MANAGERIAL ECONOMICS
EXAM #1
STUDENT NAME:
Exam is open book and open material.
1. Explain the interaction of Managerial Economics with other business disciplines, giving specific examples.
Managerial economics has been defined by conventional theorists as a science that "is all about how people make choices" After you’ve defined managerial economics and it’s relationship to its economic theory. Managerial economics will interact with each of these business’s disciplines at some point or another; demand, marketing, finance, accounting, management science and strategy.

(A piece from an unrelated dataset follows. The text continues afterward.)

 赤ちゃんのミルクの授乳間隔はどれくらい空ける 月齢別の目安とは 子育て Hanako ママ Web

An example of one of the disciplines (demand or price elasticity): Ford and Honda cater to the subcompact segment (marketing segmentation) of the automobile market with their Focus and Civic models, respectively. Are Ford Focus buyers more or less price sensitive than buyers of Honda Civics? One way to answer this question is to estimate the change in quantity demanded with a $100 increase in the price of each make. But this does not compare like with like.

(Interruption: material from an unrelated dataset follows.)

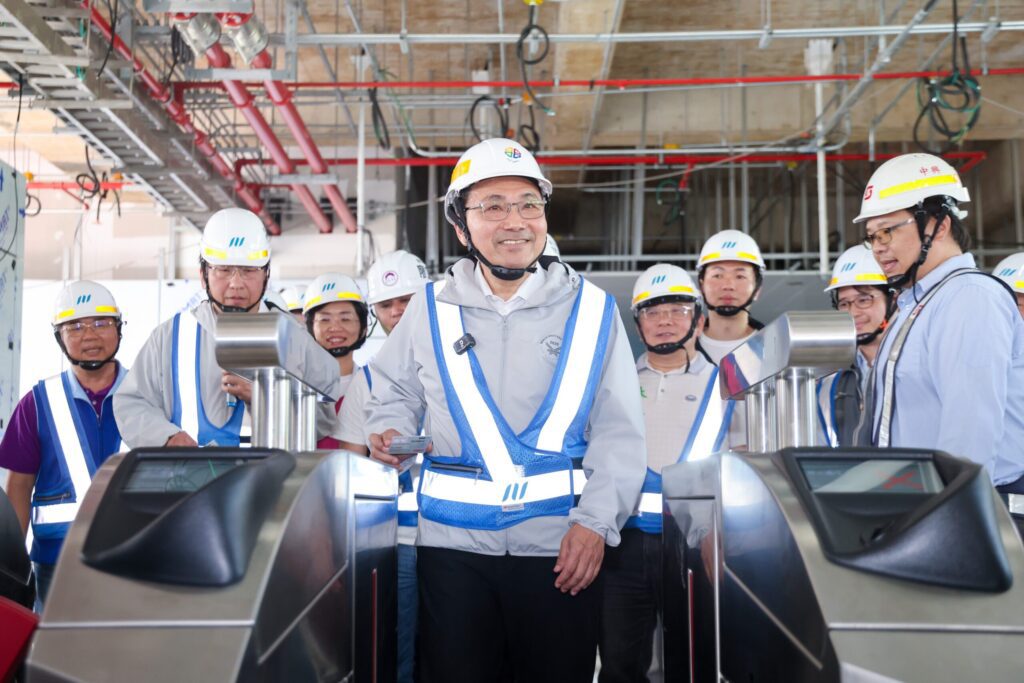 侯友宜視察捷運三鶯線列車　掌握動態測試　盼今年底完工　明年順利通車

A more consistent way of comparing the price sensitivity of Focus and Civic buyers is to use the own-price elasticity’s of the demands. The own-price elasticity’s of the demands for Focus and Civics have been estimated to be both 3.4. This indicates that Focus and Civic buyers are equally sensitive to price. For a 1% increase in price, both groups would reduce sales purchases by 3.4%.
2. Briefly describe the how the forces of supply and demand impact the allocation of resources in organizations.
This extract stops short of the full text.